EXERCISE INSTRUCTIONS: Please output the line containing "Image for Code" and all lines that follow it in the data below, exactly, with no pictures.
Start of LISTED RECORDS
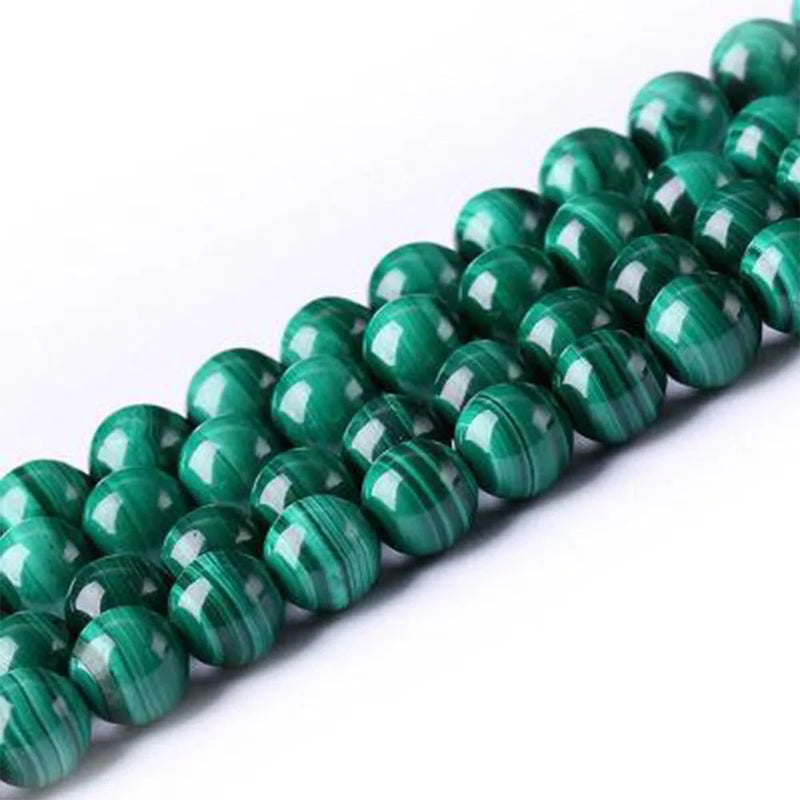 Green Malachite Stone Beads 4-10mm Round DIY Jewelry Making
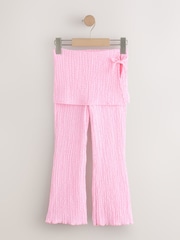 Pink Skirt Layered Kickflare Trousers (3-16yrs) - Image 5 of 8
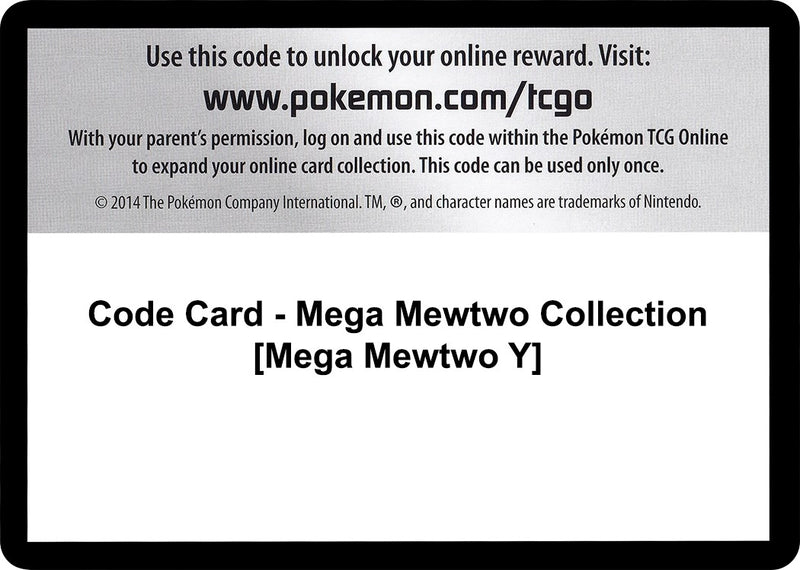 Image for Code Card - Mega Mewtwo Collection [Mega Mewtwo Y] (XY - BREAKthrough) (BKT) - Pokemon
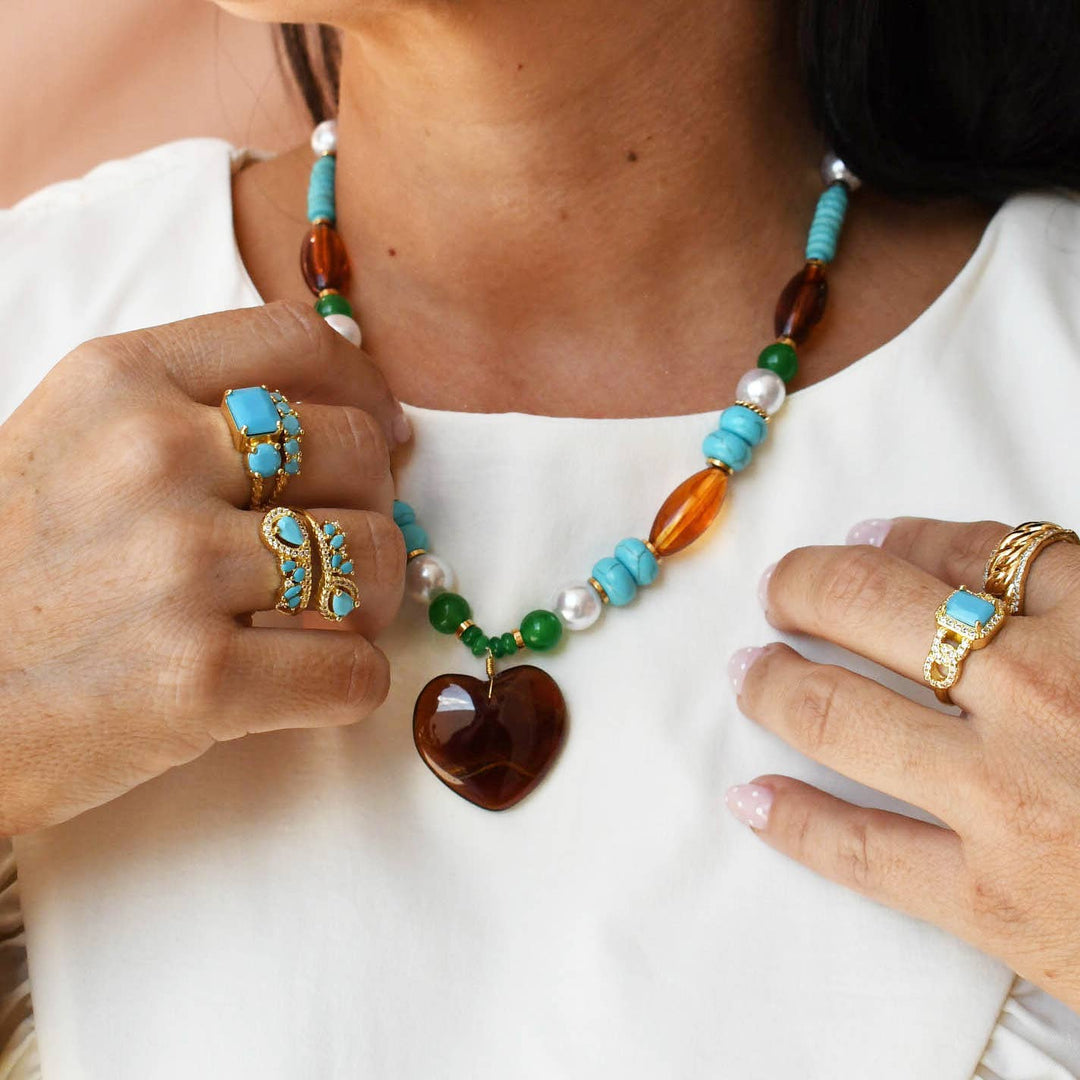 Accessories, Necklaces - Island Heart Necklace - - Cultured Cloths Apparel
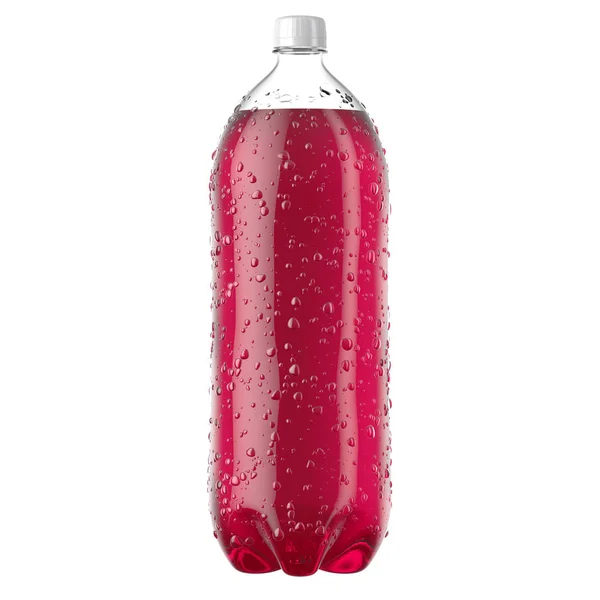 Plastová láhev sycené růžového měkkého nápoje — Stock fotografie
End of LISTED RECORDS
RESULT:
 Image for Code Card - Mega Mewtwo Collection [Mega Mewtwo Y] (XY - BREAKthrough) (BKT) - Pokemon
 Accessories, Necklaces - Island Heart Necklace - - Cultured Cloths Apparel
 Plastová láhev sycené růžového měkkého nápoje — Stock fotografie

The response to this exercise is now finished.